I termini “ditta individuale” e “impresa individuale” sono spesso utilizzati erroneamente come sinonimi. La “ditta” però è uno dei segni distintivi di un’impresa, è infatti il nome che l’impresa utilizza per identificarsi sul mercato. L’impresa individuale invece caratterizza l’attività svolta dall’imprenditore in modo organizzato, economico e professionale.

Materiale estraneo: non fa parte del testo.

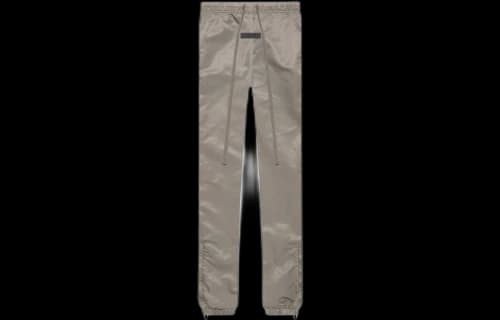 Fear of God Essentials SS22 Track Pant Desert Taupe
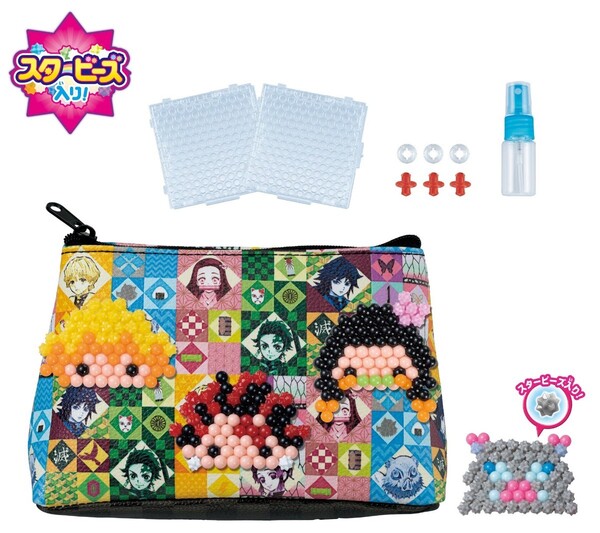 ☆新品未開封 アクアビーズ ペンポーチセット 鬼滅の刃☆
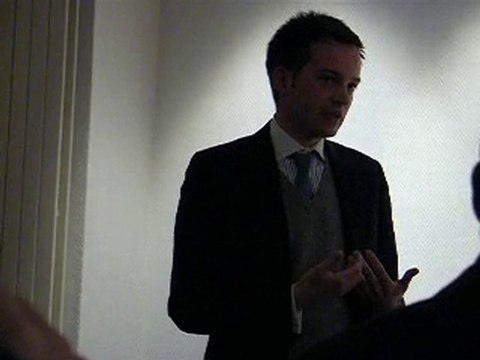 Lancement des Jeudis Jeunes avec Pierre-Yves Bournazel (5)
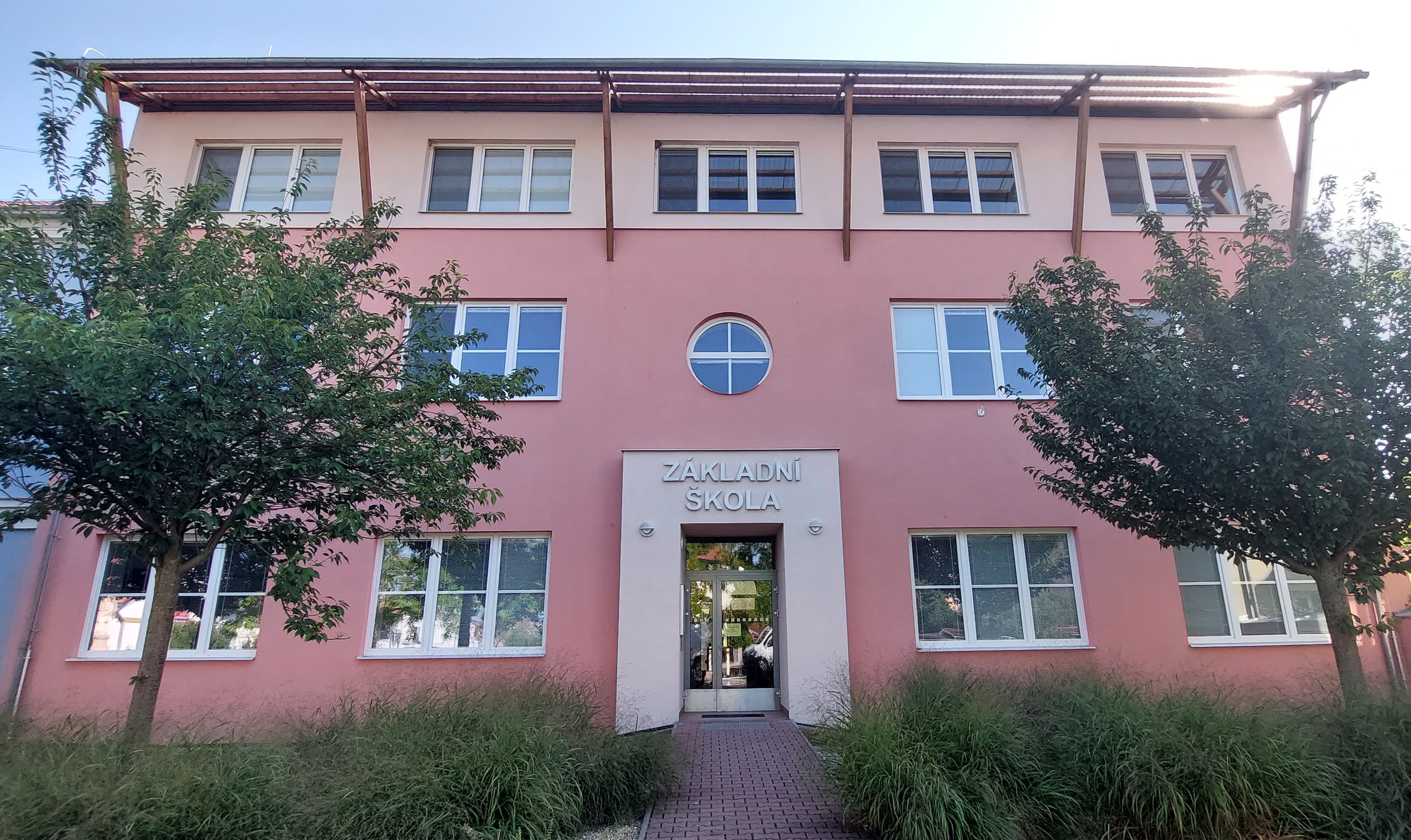 ZŠ a MŠ Grygov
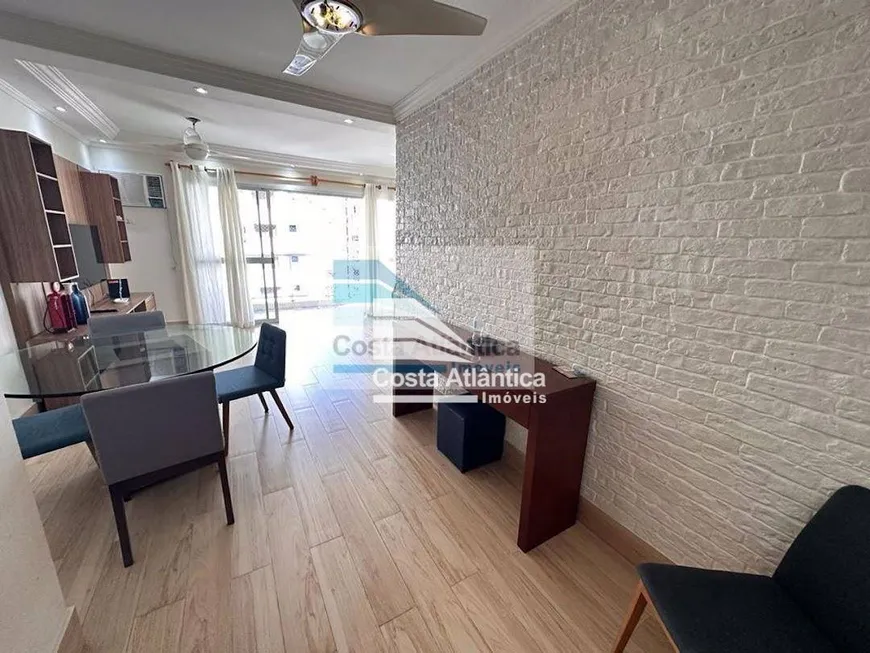 Foto 1 de Apartamento com 3 Quartos à venda, 120m² em Barra Funda, Guarujá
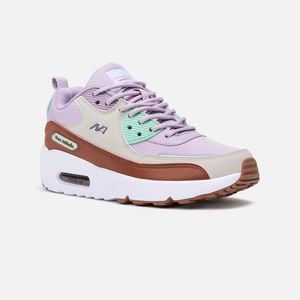 Zapatillas New Athletic Lifestyle Windn62 Mujer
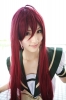 Shana cosplay by Saya 037
Shakugan no Shana cosplay Saya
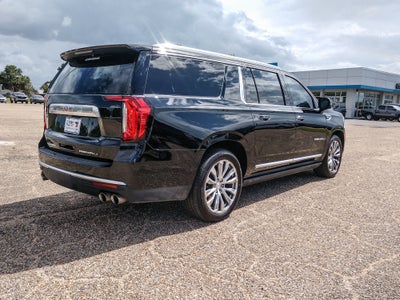 2021 GMC Yukon XL Denali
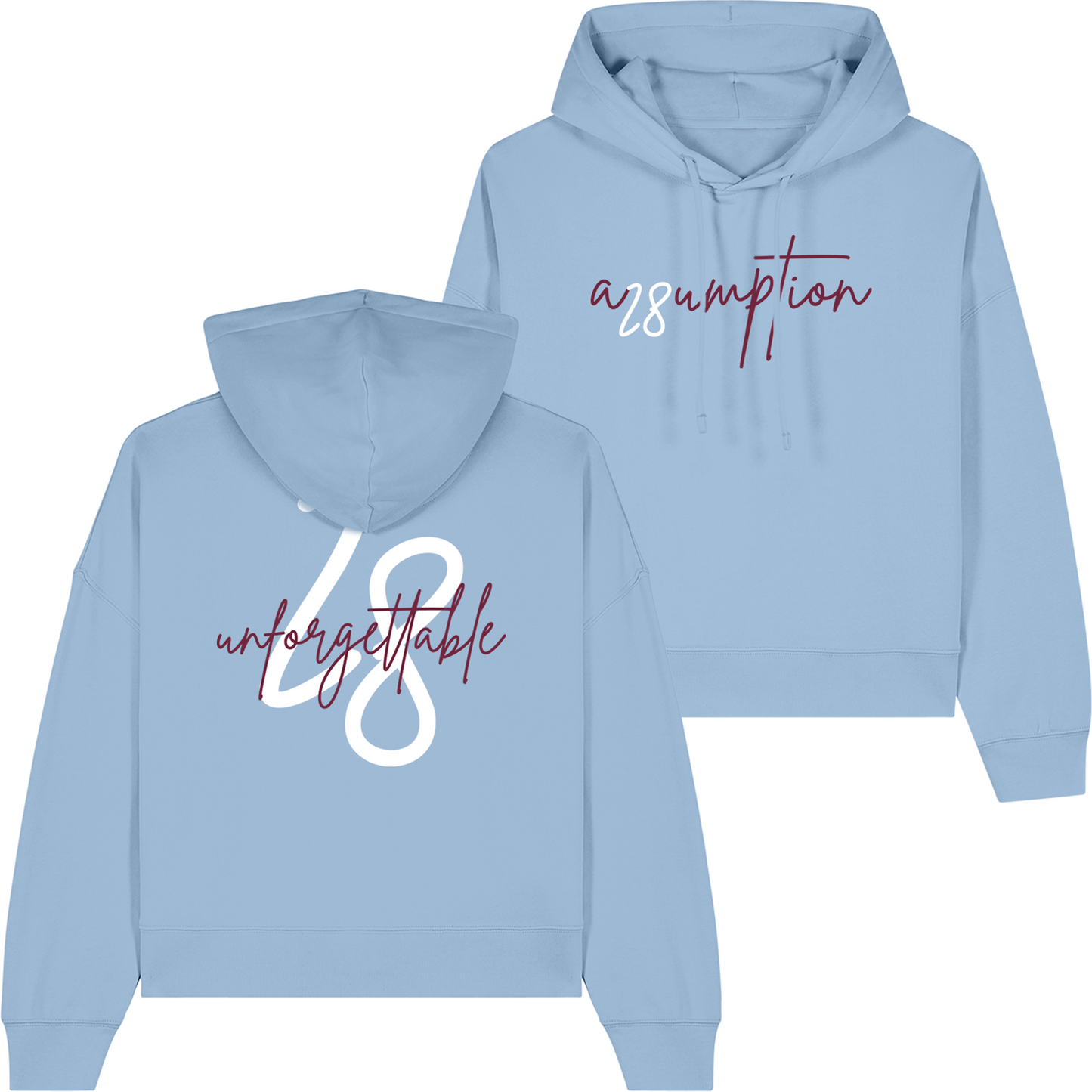 Class of 2028 - Unforgettable Hoodie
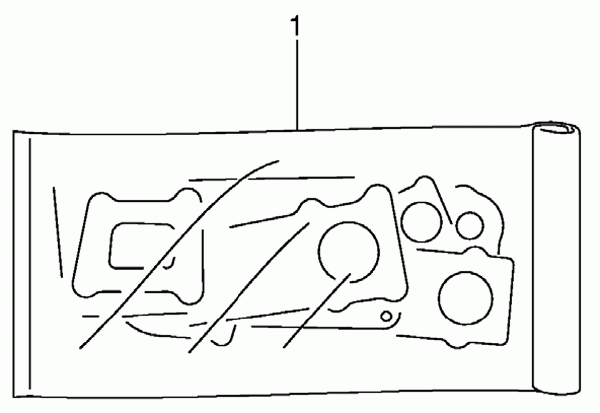 RM-250 Alkuperäisluettelot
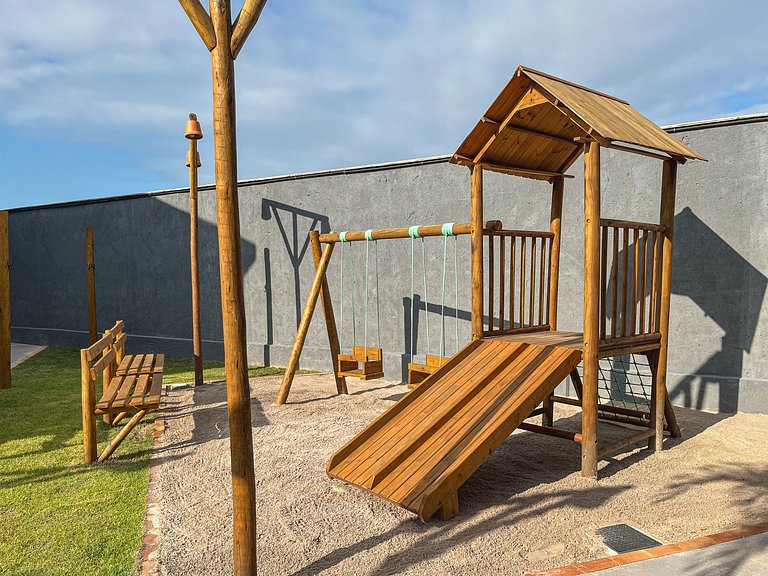 Toque dos Milagres Villa Sapê 19 - Hosti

Vantaggi e svantaggi dell’impresa individuale

Vantaggi

  • Costi di avvio ridotti: non è necessario un capitale sociale minimo e le procedure burocratiche sono meno complesse rispetto ad altre forme giuridiche.
  • Gestione semplificata: il titolare ha il controllo diretto su tutte le operazioni e decisioni aziendali.

Svantaggi

  • Responsabilità personale illimitata: il titolare risponde con il proprio patrimonio personale per i debiti dell’impresa.
  • Capacità finanziaria limitata: essendo basata su un’unica persona, l’impresa potrebbe avere accesso limitato a risorse finanziarie rispetto a società con più soci.

Come aprire un’impresa individuale

Per avviare un’impresa individuale, è necessario seguire questi passaggi:

  1. Apertura della Partita IVA: richiedere l’attribuzione del numero di Partita IVA presso l’Agenzia delle Entrate.
  2. Iscrizione al Registro delle Imprese: registrare l’impresa presso la Camera di Commercio competente territorialmente.
  3. Comunicazione di inizio attività: presentare la Segnalazione Certificata di Inizio Attività (SCIA) al Comune dove ha sede l’impresa.
  4. Iscrizione agli enti previdenziali: Registrarsi presso l’INPS e, se previsto, all’INAIL per le coperture assicurative obbligatorie.

Numero di dipendenti

Non esiste un limite specifico al numero di dipendenti che un’impresa individuale può assumere. Il titolare può decidere liberamente in base alle esigenze operative e alle capacità finanziarie dell’impresa.

Responsabilità per i debiti

Il titolare è personalmente responsabile per tutti i debiti e le obbligazioni dell’impresa. Ciò significa che, in caso di insolvenza, i creditori possono rivalersi sia sul patrimonio aziendale che su quello personale dell’imprenditore.

Costi di avvio

I costi per avviarla possono variare, ma generalmente includono:

  • Imposta di bollo e diritti di segreteria: circa 120€ – 400€, a seconda della Camera di Commercio locale;
  • Diritto annuale camerale: importo variabile in base al tipo di attività e alla provincia;
  • Spese per consulenze professionali: eventuali costi per commercialisti o consulenti per l’assistenza nelle pratiche burocratiche;

È consigliabile consultare gli enti locali o professionisti del settore per ottenere informazioni aggiornate sui costi specifici.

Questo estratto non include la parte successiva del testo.